Fortunately for those of you following along at home, Wikipedia has a great article on Huffman Coding. The theory is simple, just keep taking the bottom two smallest frequency numbers and smoosh them into a new node with their frequency summed together until you’re left with only two elements. Then split each node of the tree into 0 and 1, and just keep appending on down the tree.
; P50 (***) Huffman code.
(comment "First of all, consult a good book on discrete mathematics or algorithms for a detailed description of Huffman codes!")
(comment "We suppose a set of symbols with their frequencies, given as a list of fr(S,F) terms.
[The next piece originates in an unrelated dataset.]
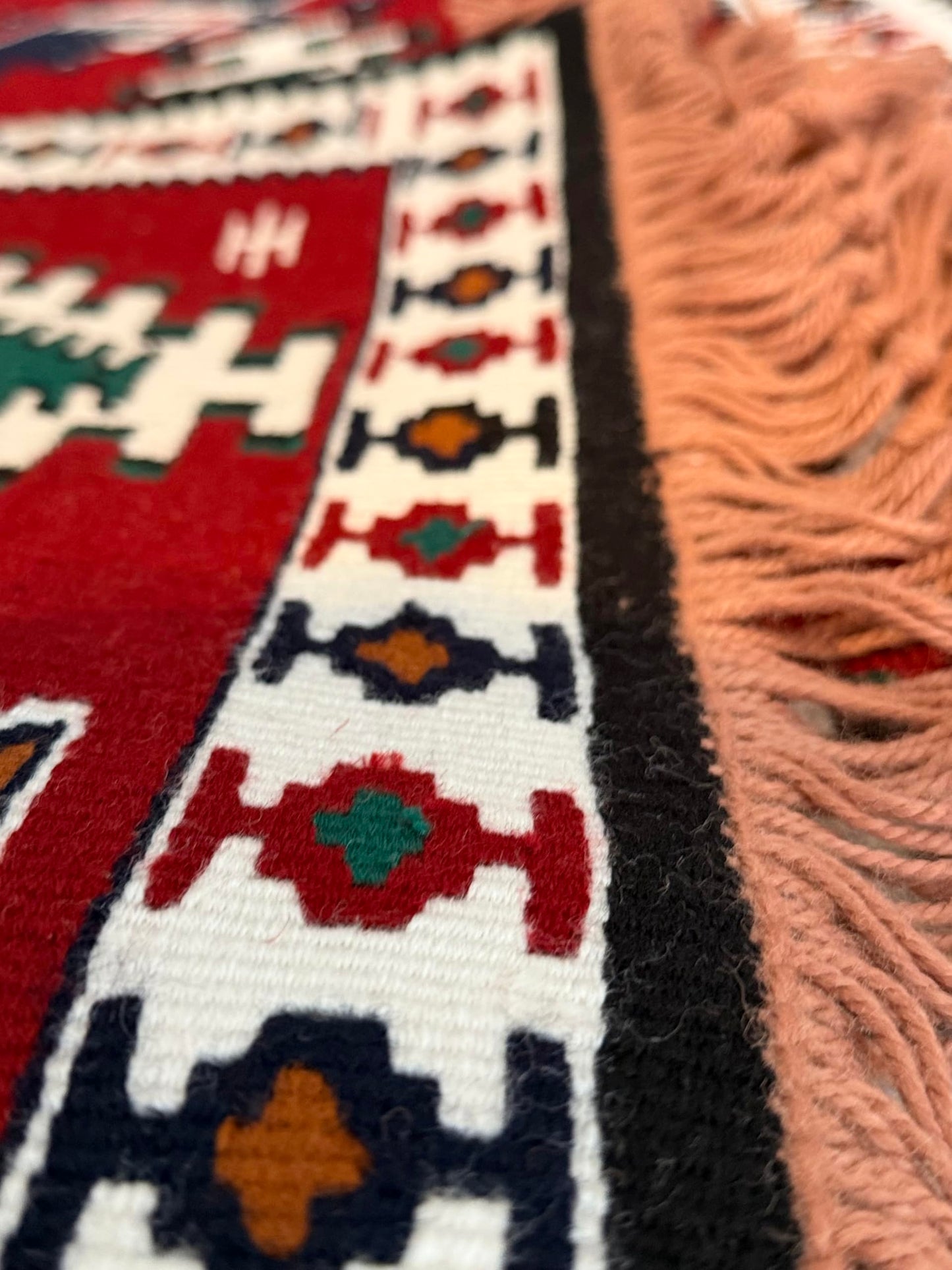Handmade Turkish Area Rug(YORUK Kilim) - 100% Wool - 3x5 ft (32x56 in) Small Area Rug - Deep Red Burgundy, Traditional Diamond Pattern, Cozy Boho Decor for Living Room, Fireplace, or Bedroom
Example: [fr(a,45),fr(b,13),fr(c,12),fr(d,16),fr(e,9),fr(f,5)]. Our objective is to construct a list hc(S,C) terms, where C is the Huffman code word for the symbol S. In our example, the result could be Hs = [hc(a,'0'), hc(b,'101'), hc(c,'100'), hc(d,'111'), hc(e,'1101'), hc(f,'1100')] [hc(a,'01'),...etc.]. The task shall be performed by the predicate huffman/2 defined as follows:")
(defn huffman-tree [fs]
(let [fs-sorted (sort-by #(nth % 1) fs)]
(loop [[a b & tail] fs-sorted]
(if (not (empty? tail))
(recur (sort-by #(nth % 1) (conj tail (list (concat (list (nth a 0)) (list (nth b 0))) (+ (nth a 1) (nth b 1))))))
(concat (list (nth a 0)) (list (nth b 0)))))))
(defn digit-map [a b c]
(if (seq? a)
(map digit-map a (list "0" "1") (list (str c b) (str c b)))
(list a (str c b))))
(defn dft [ls]
(mapcat (fn [e]
(if (list? e)
e
(dft e)
)) ls))
(defn process [ls]
(loop [[a b & tail] ls
out '()]
(if (empty? tail)
(sort-by (fn [[a b]] a) (conj out (list a b)))
(recur tail (conj out (list a b))))))
(defn huffman [fs]
(let [tree (huffman-tree fs)]
(process (dft (map
digit-map
tree
(list "0" "1")
(list "" ""))))))
There’s probably a lot of room to optimize and shortcut a lot of what I did. This was a three star problem, though, so I’m sure that most of the optimization is going to be in the flattening code.